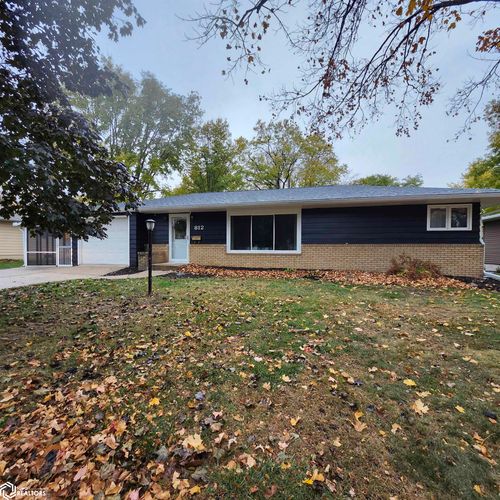 812 10th St N, Humboldt, IA, 50548-1337 | Card Image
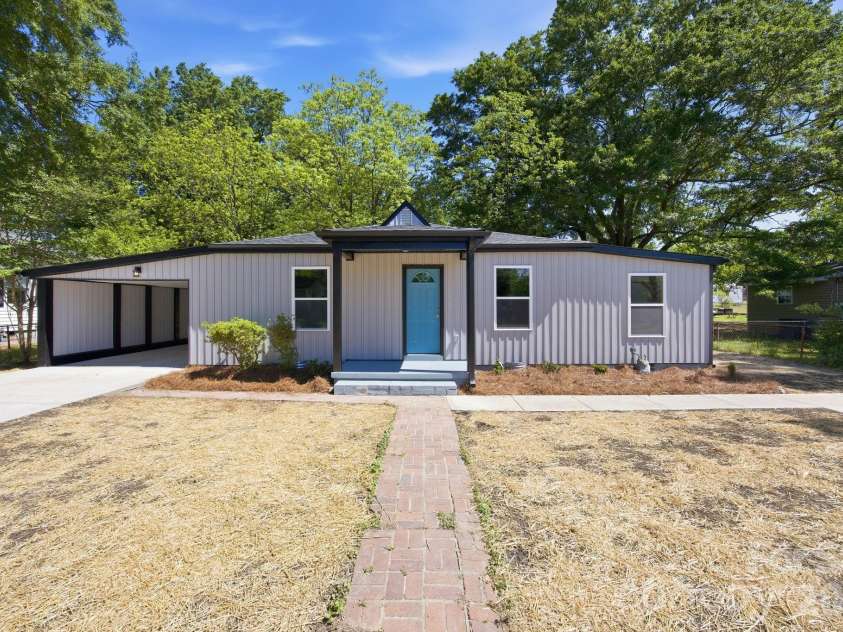 308 HIGHLAND Avenue, Concord, NC 28027.  MLS# CAR4371014, YatesRealty ID 18736. 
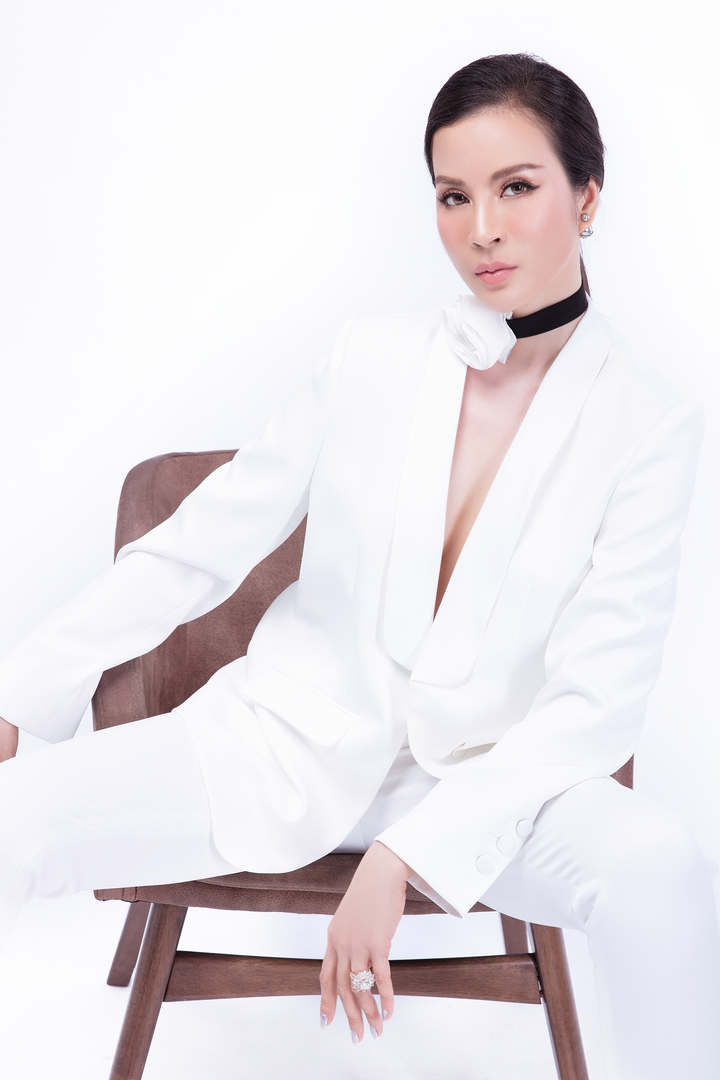 MC Thanh Mai: 'Lớn tuổi mà có cốt cách, chỉn chu là điều tôi hướng tới' - 2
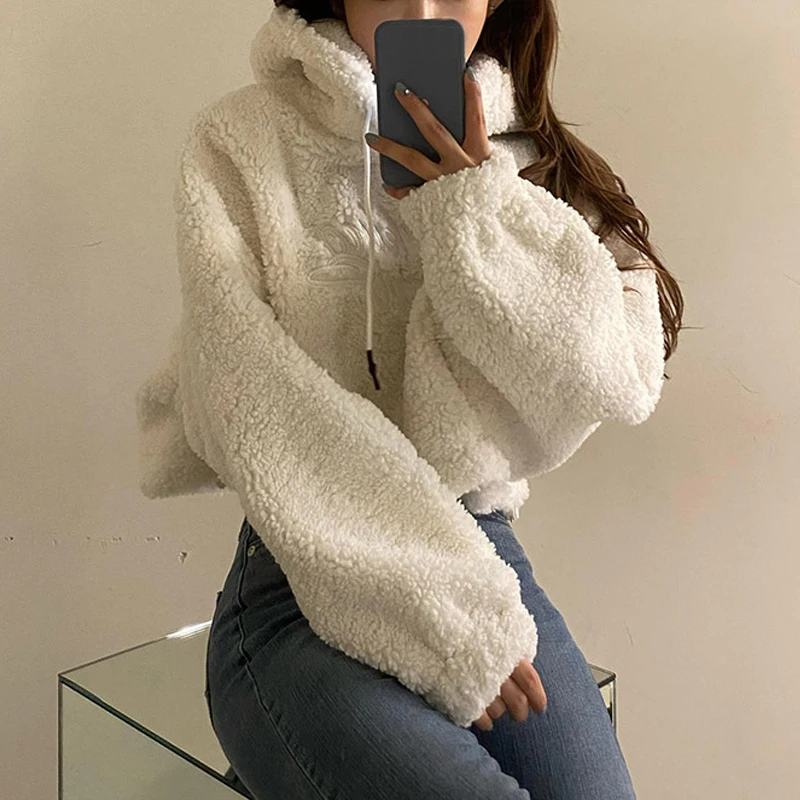Autumn Warm Faux Lamb Fur Oversized Hoodie Black White Women Fleece Sweatershirt Crop Top Loose Pullover Cute Hairy Sweat Femme
Autumn Warm Faux Lamb Fur Oversized Hoodie Black White Women Fleece Sweatershirt Crop Top Loose Pullover Cute Hairy Sweat Femme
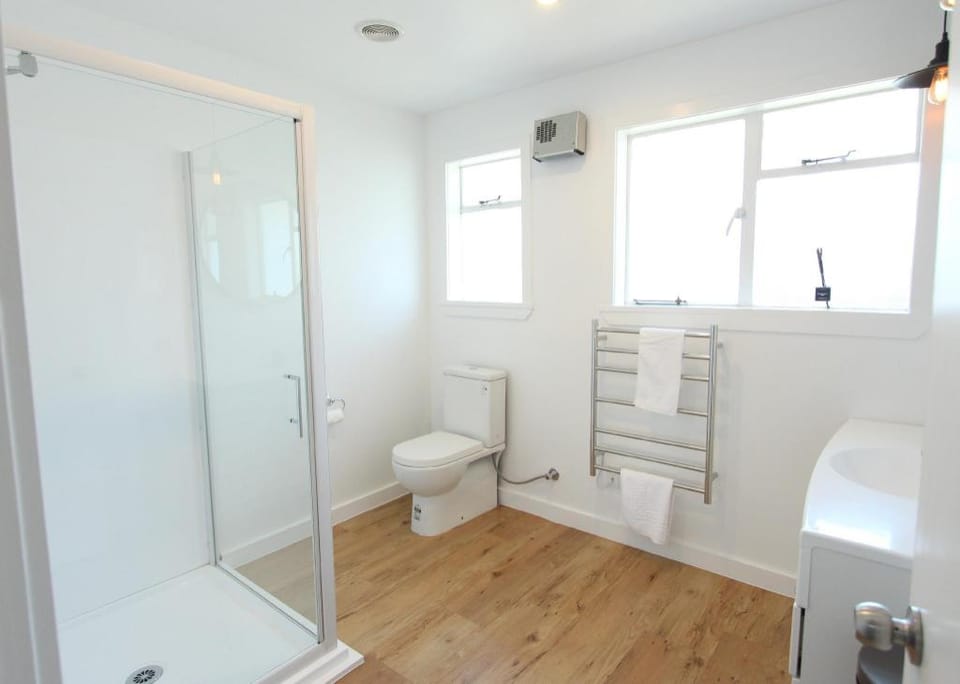1- DELIGHTFULLY FRESH, PRIVATE HOME CLOSE TO TOWN Vacation rental in Wanaka
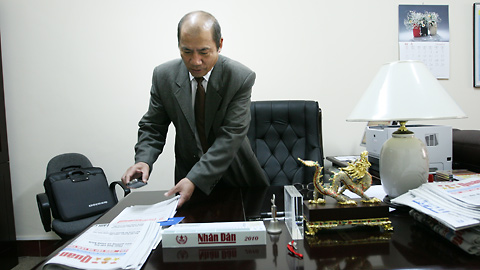 "Chúng tôi thường đùa, làm đại biểu là “bắc gạo chờ cơm người”. Có lúc Ủy ban dài cổ ngồi chờ, bày việc khác ra mà làm. Khi có tài liệu thì lại làm ngày làm đêm".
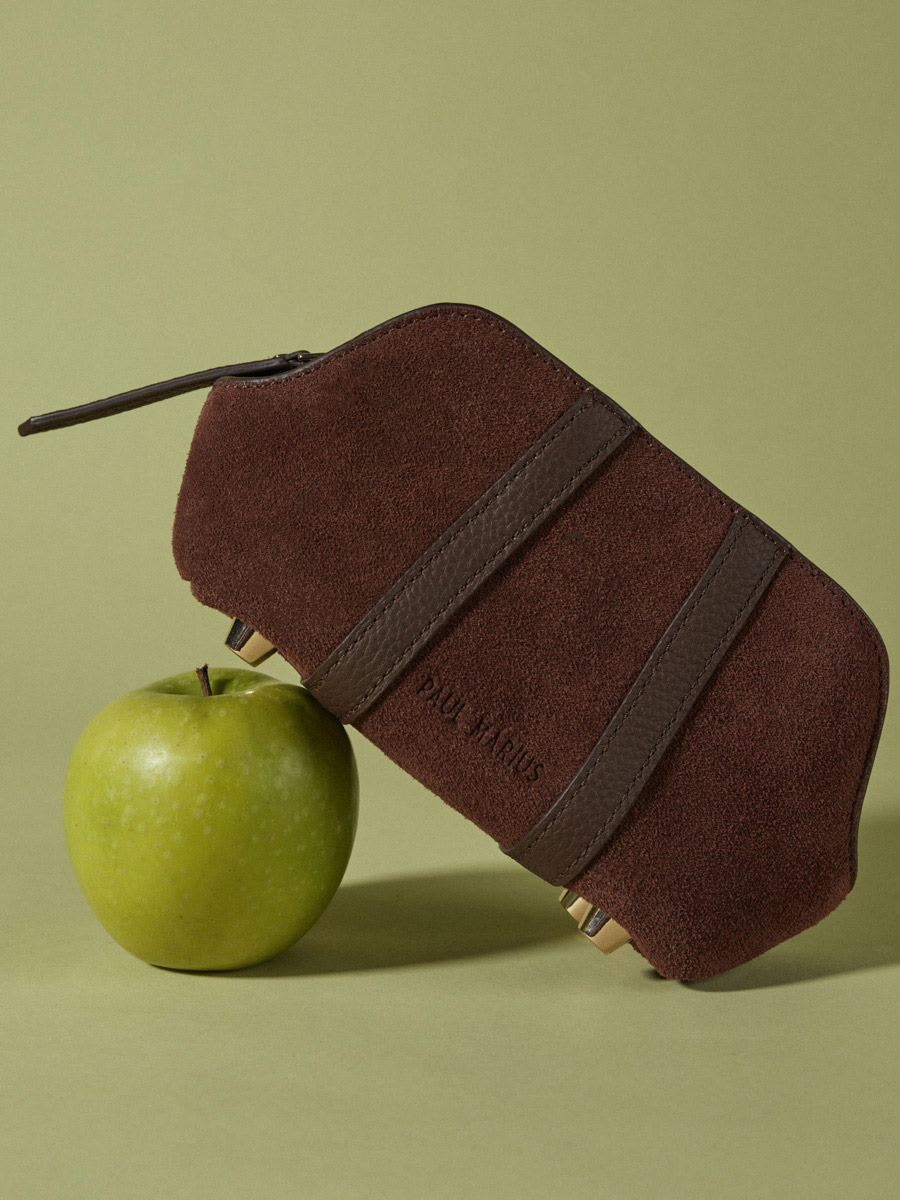 bruine leren portemonnee-louis-chocolat-vue-portee-m77-su-db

....................

A verbatim reproduction is expected: starting at the line above that has "MC Thanh Mai: 'Lớn", ending at the line that has "1- DELIGHTFULLY FRESH, PRIVATE", both included, and with no pictures and no other lines.

 MC Thanh Mai: 'Lớn tuổi mà có cốt cách, chỉn chu là điều tôi hướng tới' - 2
Autumn Warm Faux Lamb Fur Oversized Hoodie Black White Women Fleece Sweatershirt Crop Top Loose Pullover Cute Hairy Sweat Femme
Autumn Warm Faux Lamb Fur Oversized Hoodie Black White Women Fleece Sweatershirt Crop Top Loose Pullover Cute Hairy Sweat Femme
1- DELIGHTFULLY FRESH, PRIVATE HOME CLOSE TO TOWN Vacation rental in Wanaka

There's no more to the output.